Would I pay Facebook? No, they haven't proven very trustworthy.

------
27182818284
This is the idea behind App.net, right? Although they aren't taking
wheelbarrows of cash to the bank, they did prove that there is a small
(dying?) demand for it.

Heck I even considered joining App.net, but I couldn't quite talk myself into
it because, frankly, nothing that Facebook, Instagram, etc, have done anything
that I find that terrible. (In that I"m not alone given the 1 billion users)

------
jamesjguthrie
I would leave Facebook rather than pay for anything. I'd spend more time on
Twitter or Google Plus.

------
oboizt
There is no chance that I would pay Facebook a monthly fee.
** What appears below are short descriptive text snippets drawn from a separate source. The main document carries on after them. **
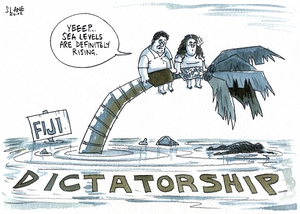 Fiji dictatorship. "Yeeep...Sea levels are definitely rising." 18 June, 2007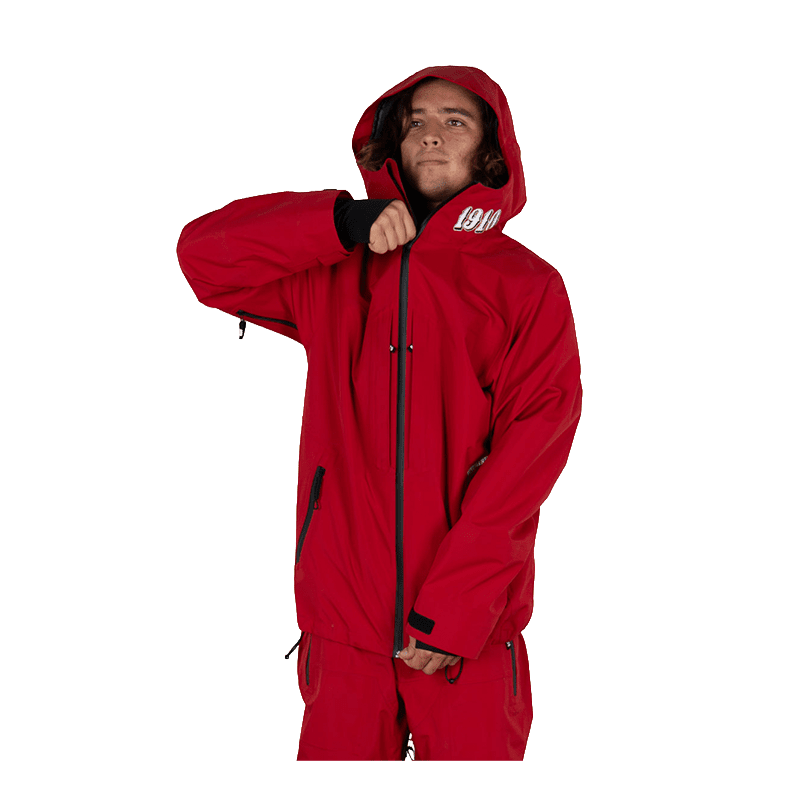 1910 Auburn 3L Snow Jacket - Grey - 7B Boardshop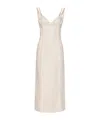 Jacquemus Valérie Frayed Midi Dress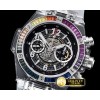 위블로 Big Bang Unico Sapphire 45mm R Gem PL/RU SF Wht A7750 -HUB0397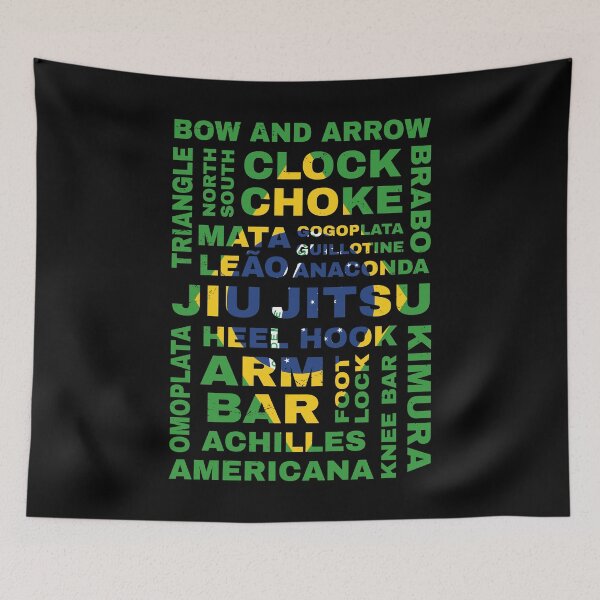 Item preview, Brazilian Jiu Jitsu Guide designed and sold by NicGrayGraphic.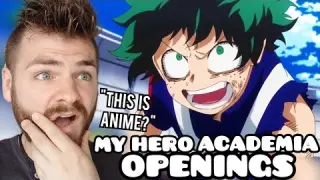 First Time Reacting to "MY HERO ACADEMIA Openings (1-9)" | Non Anime Fan!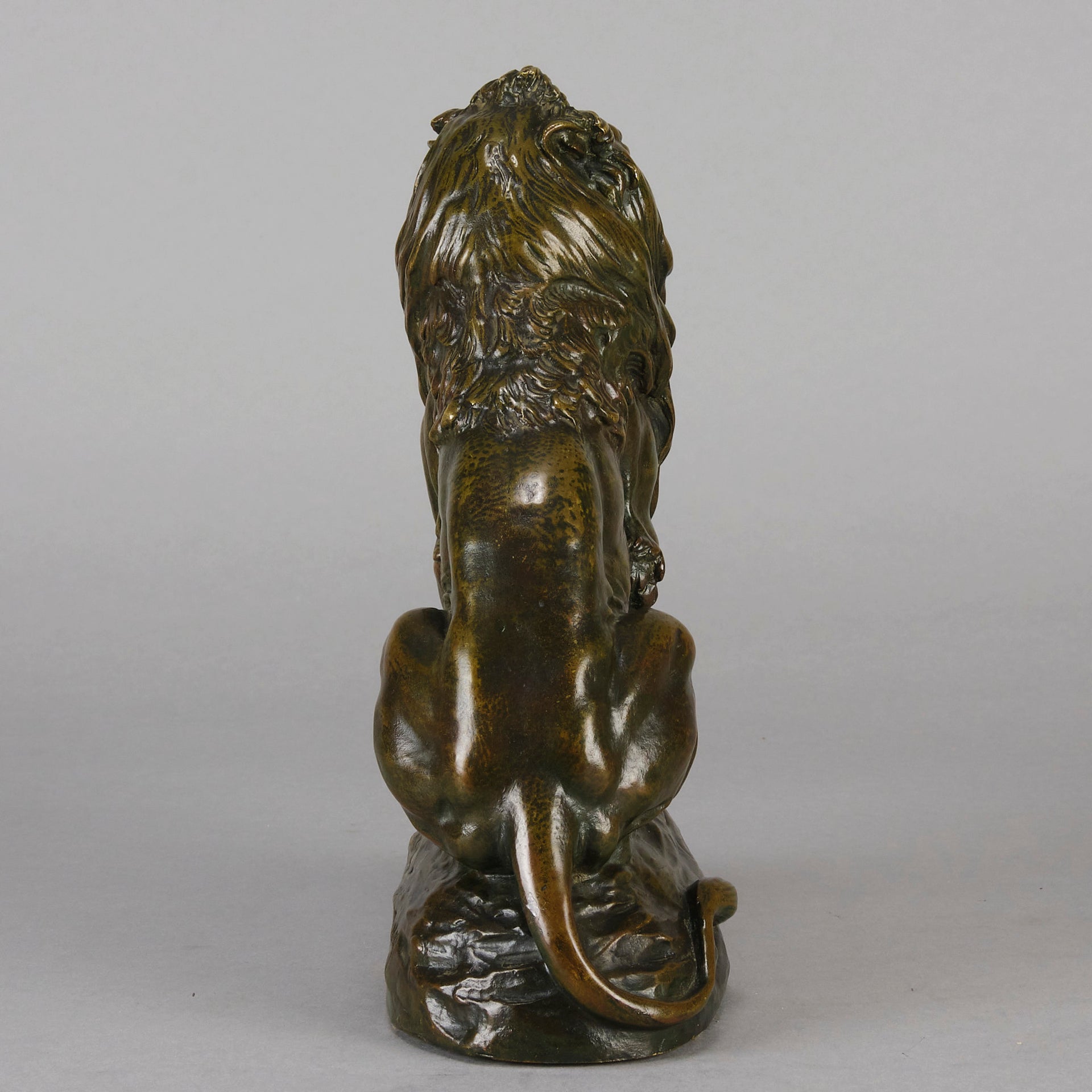 Clovis Masson Lion Assis - Animaliers Bronze - Hickmet Fine Arts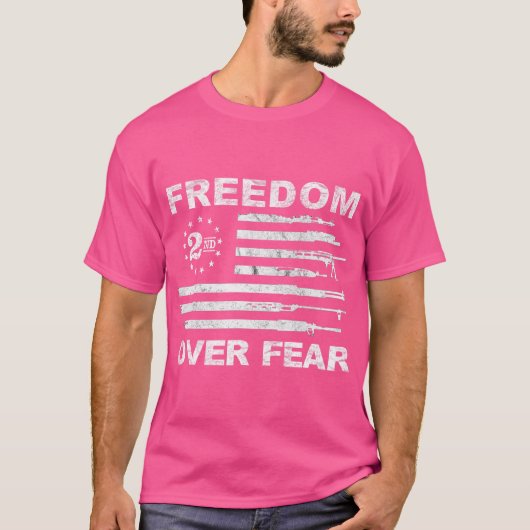恐怖に対する自由 – 第2改正愛国主義 Tシャツ (正面)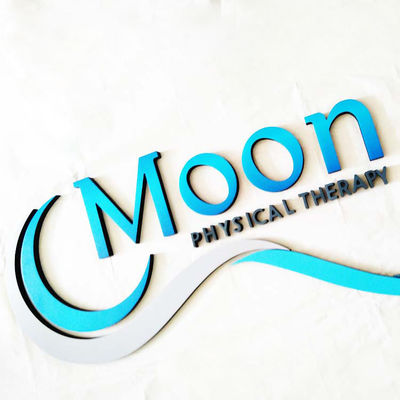 3d Laser Cut Akrilik Surat Tanda Emas Dicat Sutra Disaring Nama Toko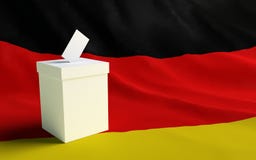 Verkiezingen Duitsland stock fotografie Verkiezingen Duitsland stock fotografie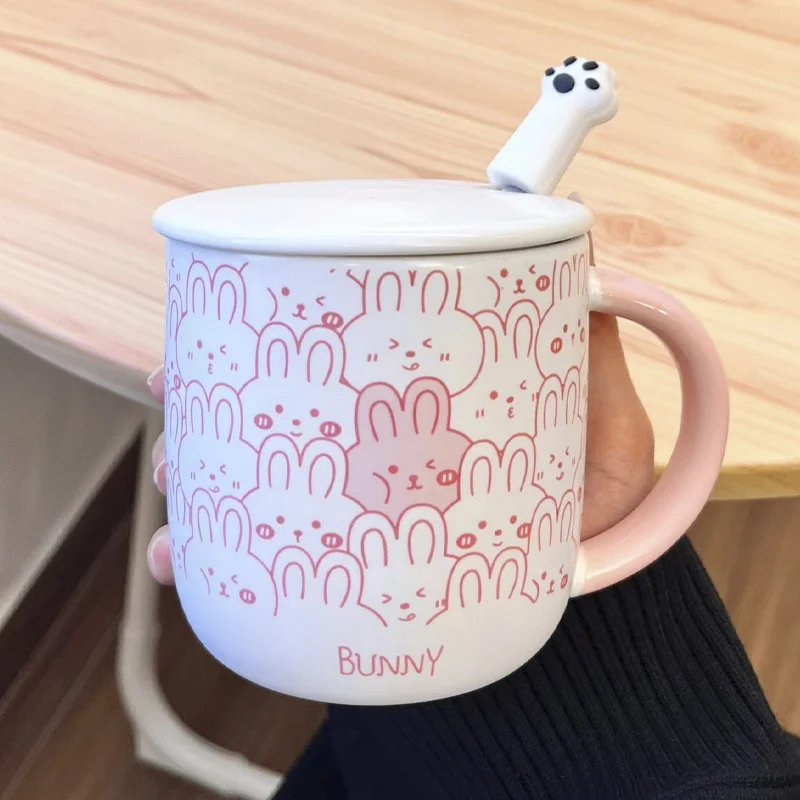 Cute Cartoon Couple Cerc Mugs with Lid And Spoon Office Coffee Milk Cups Nordic Sle Animal Pattern Adult Drinking Glasses
Cute Cartoon Couple Cerc Mugs with Lid And Spoon Office Coffee Milk Cups Nordic Sle Animal Pattern Adult Drinking Glasses
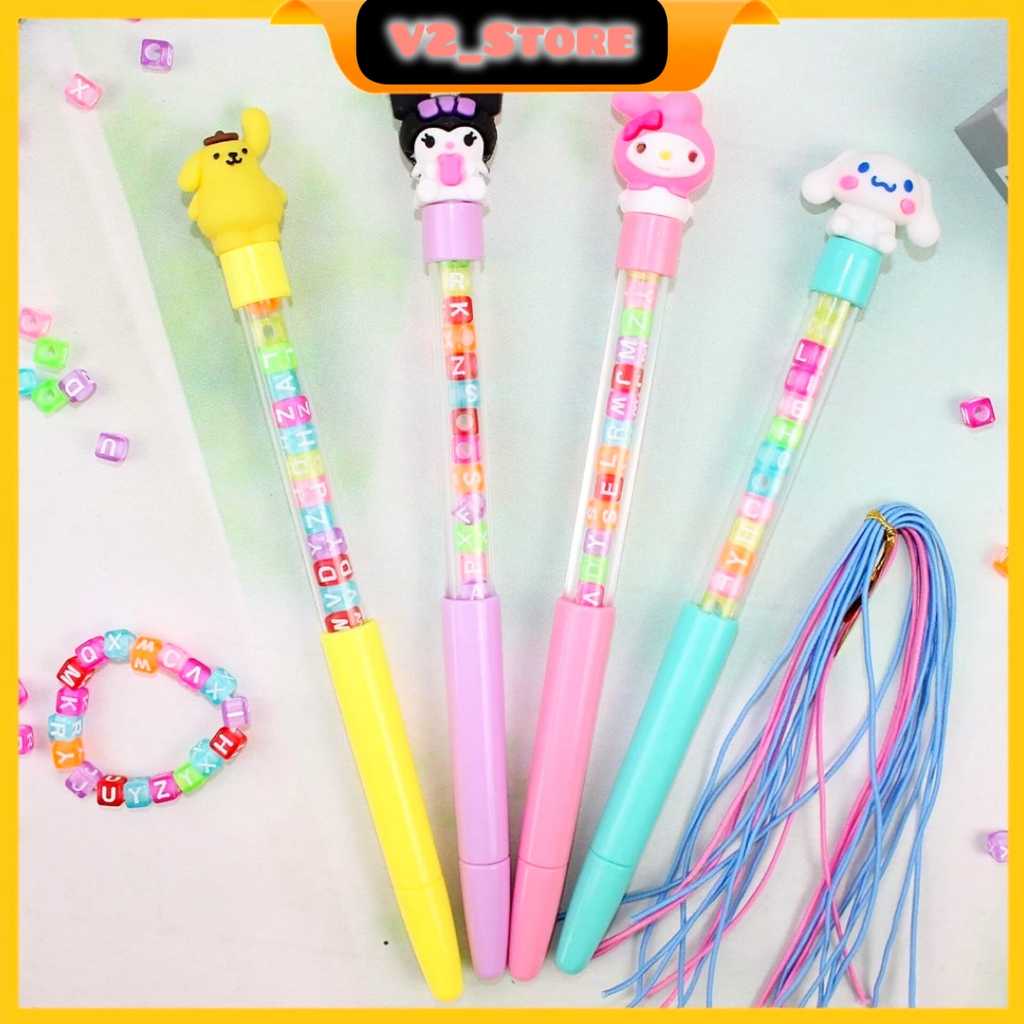 Jual Pulpen diy kekinian lucu karakter/Pulpen Abjad Karakter Sanrio ...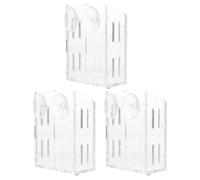 3 Pièces Jardinière à Ventouses, Support Mural Acrylique | Montage Vertical sans Perçage ni Outil, pour Boutures et Plantes Aquatiques, Plastique Résistant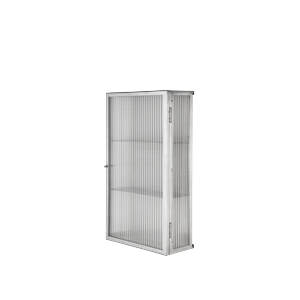 Ferm Living Haze Wall-Hung Cabinet Stainless Steel/Fluted Glass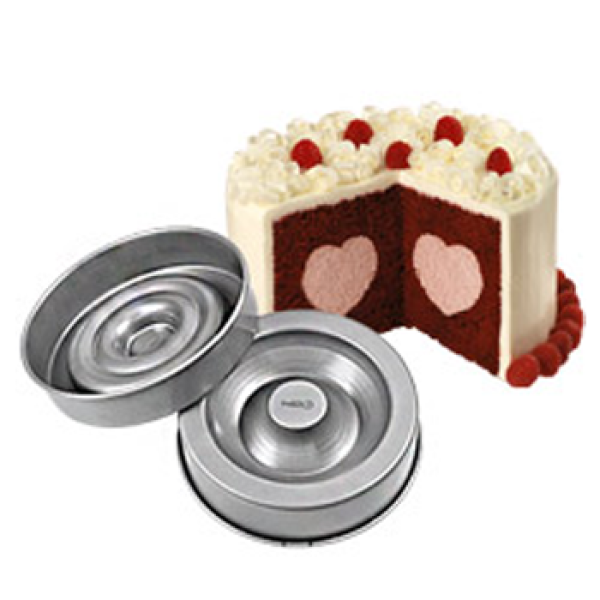 Wilton Backformen "Heart Tasty Fill", gefüllter Kuchen, 22 cm | MEINCUPCAKE  Shop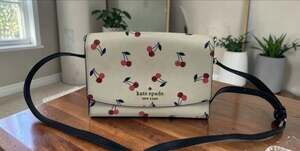 Kate Spade Carson Dancing Cherries Convertible Crossbody Bag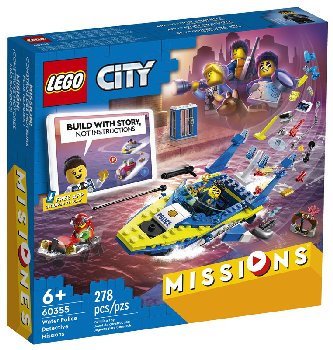 LEGO City Police Water Police Detective Missions (60355)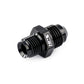 HPS Performance Straight AN Flare -6 to M16 x 1.5 Metric Adapter, Aluminum, Black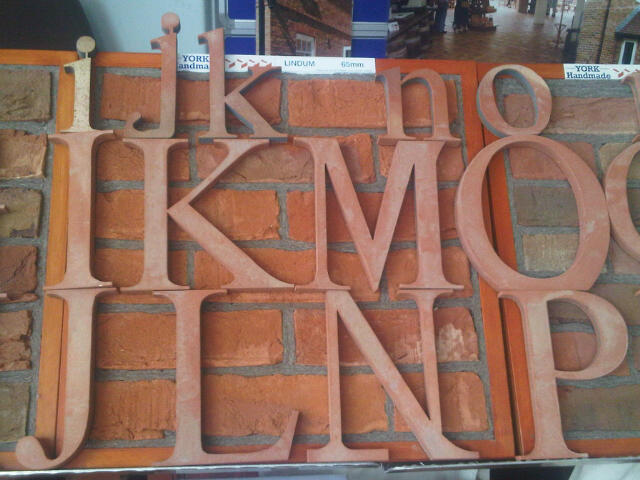 Clay Clay Terracotta Letters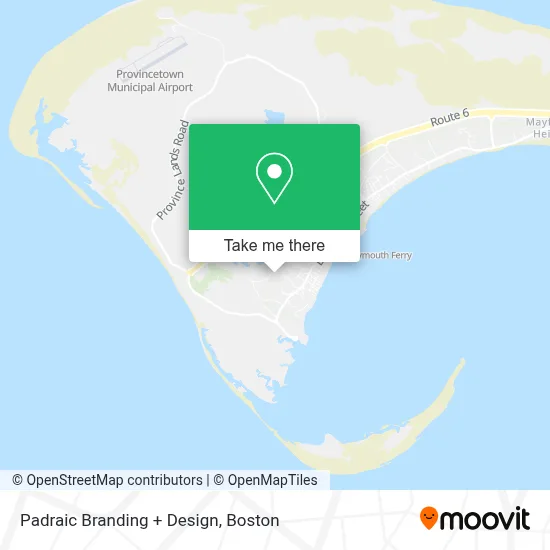 Padraic Branding + Design map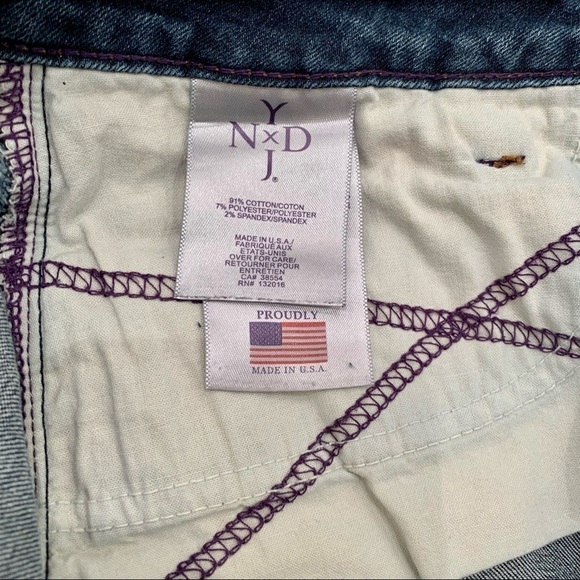 NYDJ Jeans Adult Size 4 Blue Skinny Denim Medium Wash Stretch Pockets Women - Picture 10 of 10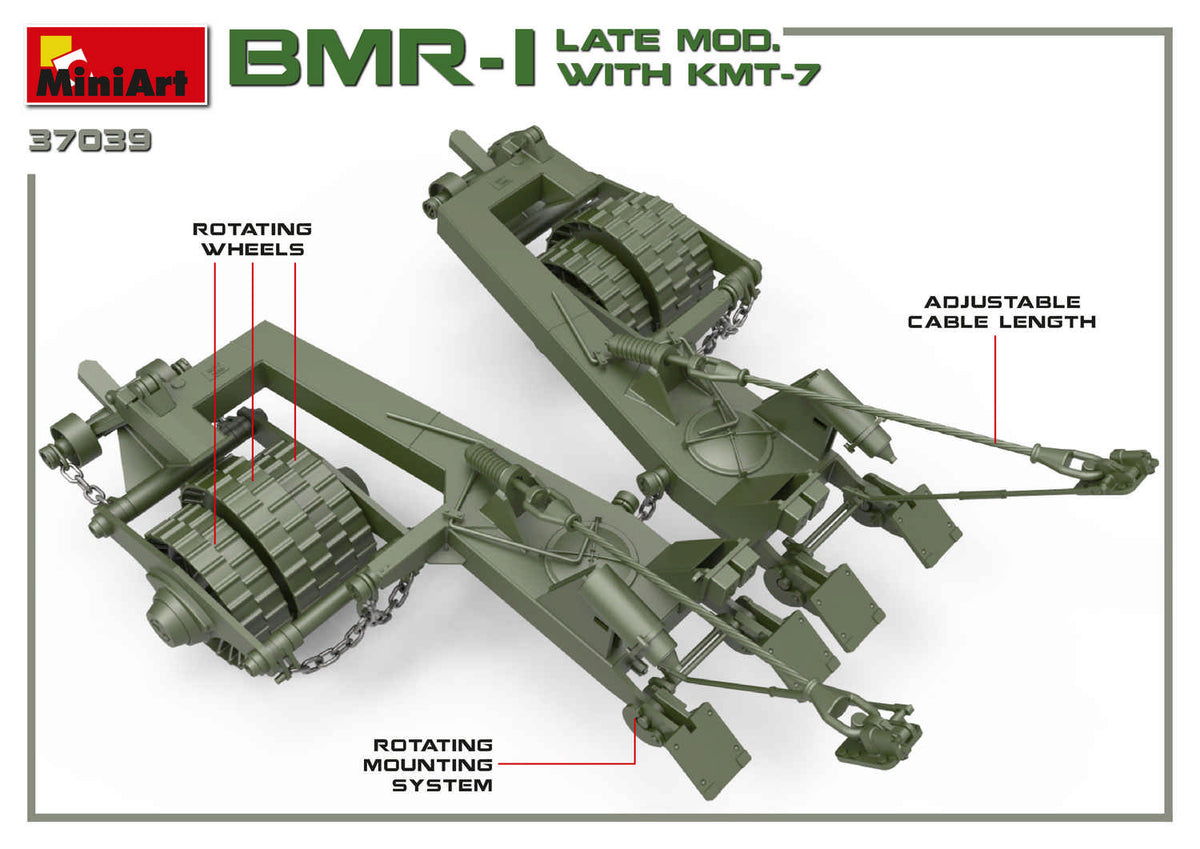 MiniArt 1/35 Military - BMR-1 Late Mod with KMT-7 - 37039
I love Facebook,
but I would start using it differently or jump ship entirely if I suddenly had
to start paying for it.

------
ixacto
If they can't make the effort to call/text, then why do you even have them as
a 'friend'?

------
beagle3
No!

What happens when they fail to process a payment? (e.g., I'm on vacation and
Visa decided to block my card due to "suspicious activity" - this HAS happened
to me before). Do they cut the proverbial pinky off my data to make me pay and
show me they are serious?

------
bmelton
Having tried to delete my FB account a few times, I would gladly give them a
$10 one-time payment to just delete my content and stop mailing me about
friend requests and new "people I might know".